Iceberg tables support table properties to configure table behavior, like the default split size for readers.

Read properties🔗

Property Default Description
read.split.target-size 134217728 (128 MB) Target size when combining data input splits
read.split.metadata-target-size 33554432 (32 MB) Target size when combining metadata input splits
read.split.planning-lookback 10 Number of bins to consider when combining input splits
read.split.open-file-cost 4194304 (4 MB) The estimated cost to open a file, used as a minimum weight when combining splits.
read.parquet.vectorization.enabled true Controls whether Parquet vectorized reads are used
read.parquet.vectorization.batch-size 5000 The batch size for parquet vectorized reads
read.orc.vectorization.enabled false Controls whether orc vectorized reads are used
read.orc.vectorization.batch-size 5000 The batch size for orc vectorized reads

Write properties🔗

Property Default Description
write.format.default parquet Default file format for the table; parquet, avro, or orc
write.delete.format.default data file format Default delete file format for the table; parquet, avro, or orc
write.parquet.row-group-size-bytes 134217728 (128 MB) Parquet row group size
write.parquet.page-size-bytes 1048576 (1 MB) Parquet page size
write.parquet.page-version v1 Parquet data page version: v1 (DataPage V1) or v2 (DataPage V2)
write.parquet.page-row-limit 20000 Parquet page row limit
write.parquet.dict-size-bytes 2097152 (2 MB) Parquet dictionary page size
write.parquet.compression-codec zstd Parquet compression codec: zstd, brotli, lz4, gzip, snappy, uncompressed
write.parquet.compression-level null Parquet compression level
write.parquet.shred-variants false When true, variant columns are written with shredded Parquet encoding for improved query performance
write.parquet.variant-inference-buffer-size 100 Number of rows to buffer for schema inference when variant shredding is enabled
write.parquet.bloom-filter-enabled.column.col1 (not set) Hint to parquet to write a bloom filter for the column: 'col1'
write.parquet.bloom-filter-max-bytes 1048576 (1 MB) The maximum number of bytes for a bloom filter bitset
write.parquet.bloom-filter-fpp.column.col1 0.01 The false positive probability for a bloom filter applied to 'col1' (must > 0.0 and < 1.0)
write.parquet.bloom-filter-ndv.column.col1 (not set) The expected number of distinct values for a bloom filter applied to 'col1' (must > 0)
write.parquet.stats-enabled.column.col1 (not set) Controls whether to collect parquet column statistics for column 'col1'
write.avro.compression-codec gzip Avro compression codec: gzip(deflate with 9 level), zstd, snappy, uncompressed
write.avro.compression-level null Avro compression level
write.orc.stripe-size-bytes 67108864 (64 MB) Define the default ORC stripe size, in bytes
write.orc.block-size-bytes 268435456 (256 MB) Define the default file system block size for ORC files
write.orc.compression-codec zlib ORC compression codec: zstd, lz4, lzo, zlib, snappy, none
write.orc.compression-strategy speed ORC compression strategy: speed, compression
write.orc.bloom.filter.columns (not set) Comma separated list of column names for which a Bloom filter must be created
write.orc.bloom.filter.fpp 0.05 False positive probability for Bloom filter (must > 0.0 and < 1.0)
write.location-provider.impl null Optional custom implementation for LocationProvider
write.metadata.compression-codec none Metadata compression codec; none or gzip
write.metadata.metrics.max-inferred-column-defaults 100 Defines the maximum number of columns for which metrics are collected.
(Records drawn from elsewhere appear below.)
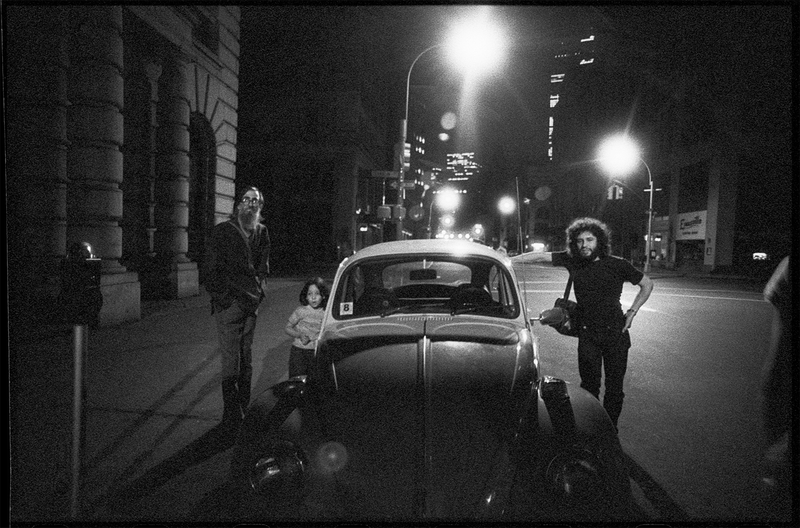© Isabel Barton - Buggy with Cosmos, Mariana, Bob - Downtown NY / 1977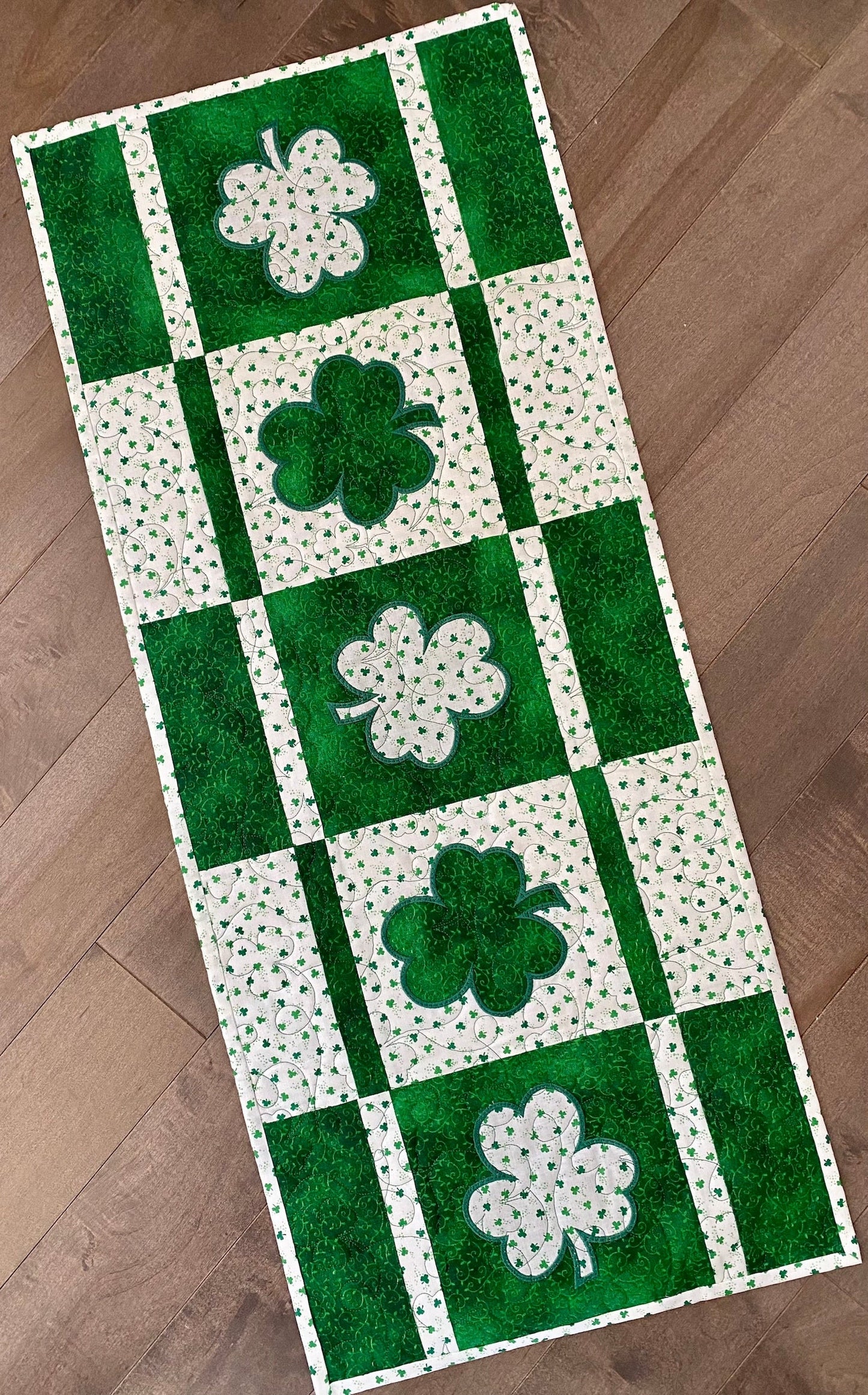 Shamrock CLA150324003 Quilted Table Runner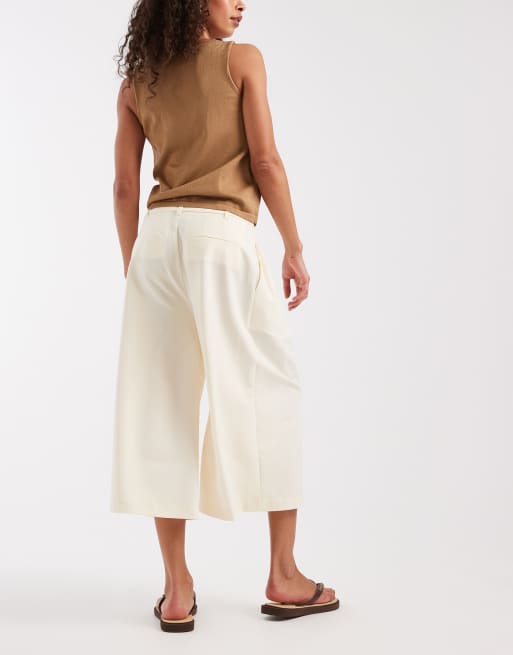 ASOS DESIGN Tailored high rise culotte pants in cream, 5 of 5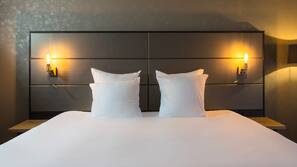 In-room safe, desk, laptop workspace, blackout curtains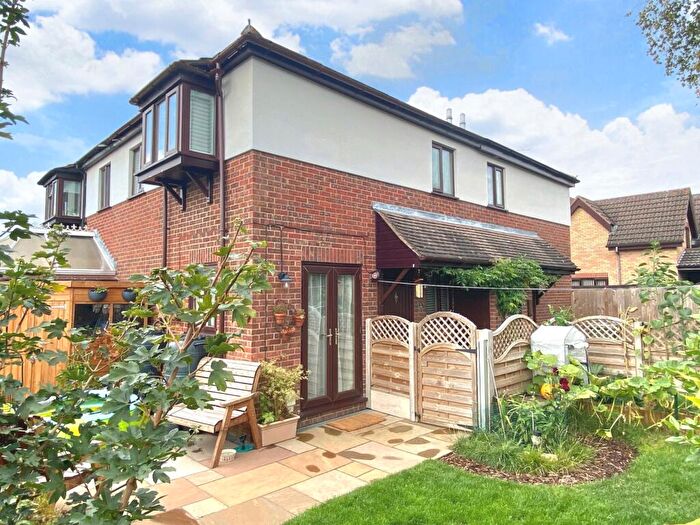 2 Bedroom Mews For Sale In Forest Road, Hartwell, NN7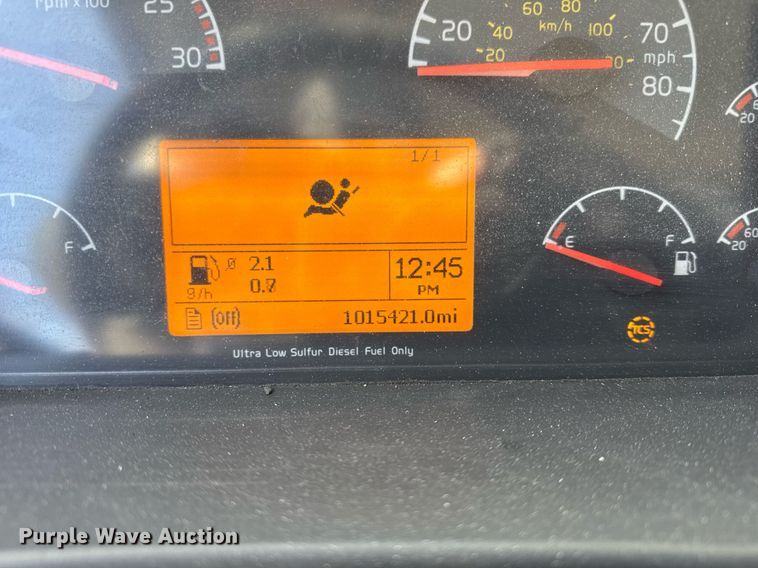 image for item DH9776 2012 Volvo VN Series semi truck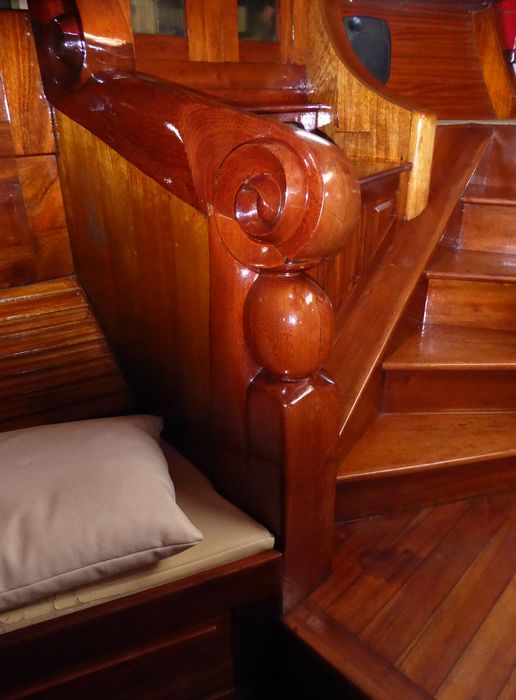 Bateau Le Toumelin. Carré, partie gauche, détail.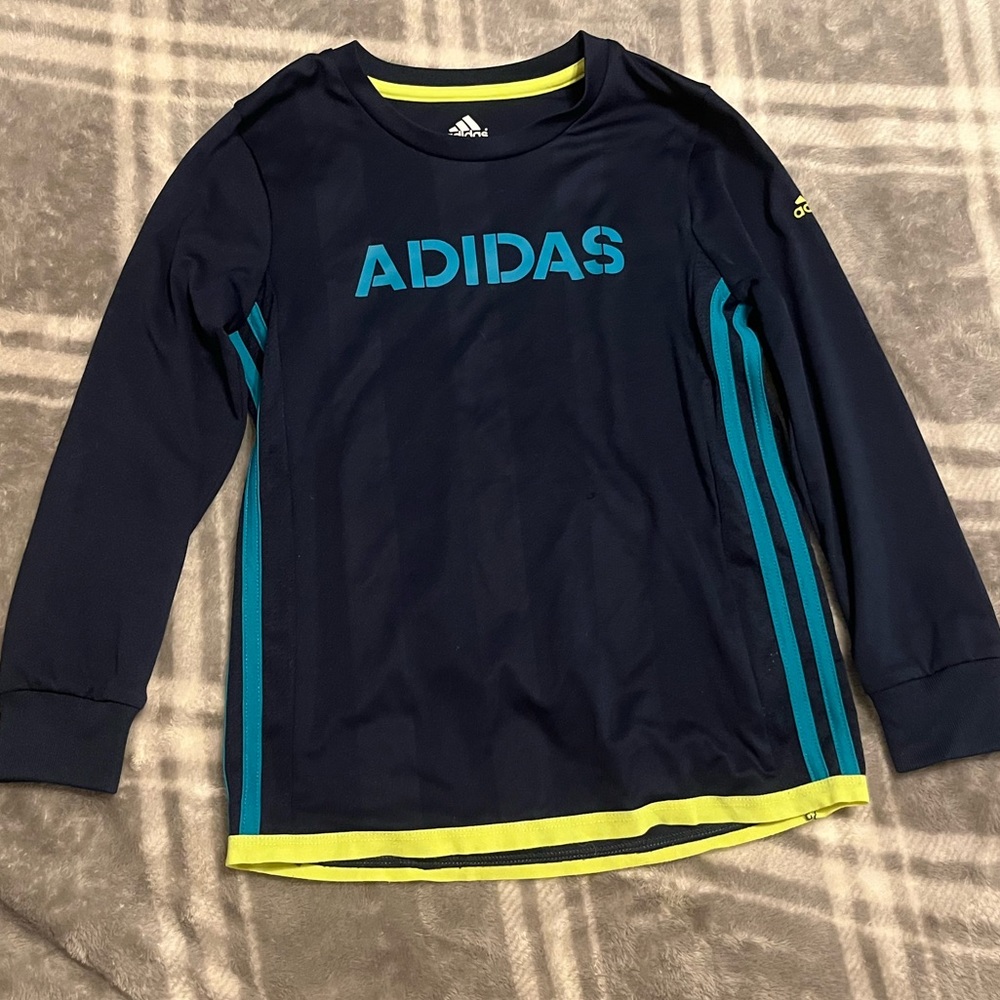 Adidas Boys Long sleeve Tshirt Size 6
Columns are included with a pre-order traversal of the schema: top level fields first; then all elements of the first nested struct; then the next nested struct and so on.
write.metadata.metrics.default truncate(16) Default metrics mode for all columns in the table; none, counts, truncate(length), or full
write.metadata.metrics.column.col1 (not set) Metrics mode for column 'col1' to allow per-column tuning; none, counts, truncate(length), or full
write.target-file-size-bytes 536870912 (512 MB) Controls the size of files generated to target about this many bytes
write.delete.target-file-size-bytes 67108864 (64 MB) Controls the size of delete files generated to target about this many bytes
write.distribution-mode not set, see engines for specific defaults, for example Spark Writes Defines distribution of write data: none: don't shuffle rows; hash: hash distribute by partition key ; range: range distribute by partition key or sort key if table has an SortOrder
write.delete.distribution-mode (not set) Defines distribution of write delete data
write.update.distribution-mode (not set) Defines distribution of write update data
write.merge.distribution-mode (not set) Defines distribution of write merge data
write.wap.enabled false Enables write-audit-publish writes
write.summary.partition-limit 0 Includes partition-level summary stats in snapshot summaries if the changed partition count is less than this limit
write.metadata.delete-after-commit.enabled false Controls whether to delete the oldest tracked version metadata files after each table commit. See the Remove old metadata files section for additional details
write.metadata.previous-versions-max 100 The max number of previous version metadata files to track
write.spark.fanout.enabled false Enables the fanout writer in Spark that does not require data to be clustered; uses more memory
write.object-storage.enabled false Enables the object storage location provider that adds a hash component to file paths
write.object-storage.partitioned-paths true Includes the partition values in the file path
write.data.path table location + /data Base location for data files
write.metadata.path table location + /metadata Base location for metadata files
write.delete.mode copy-on-write Mode used for delete commands: copy-on-write or merge-on-read (v2 and above)
write.delete.isolation-level serializable Isolation level for delete commands: serializable or snapshot
write.update.mode copy-on-write Mode used for update commands: copy-on-write or merge-on-read (v2 and above)
write.update.isolation-level serializable Isolation level for update commands: serializable or snapshot
write.merge.mode copy-on-write Mode used for merge commands: copy-on-write or merge-on-read (v2 and above)
write.merge.isolation-level serializable Isolation level for merge commands: serializable or snapshot
write.delete.granularity partition Controls the granularity of generated delete files: partition or file

Encryption properties🔗

Property Default Description
encryption.key-id (not set) ID of the master key of the table
encryption.data-key-length 16 (bytes) Length of keys used for encryption of table files. Valid values are 16, 24, 32 bytes

See the Encryption document for additional details.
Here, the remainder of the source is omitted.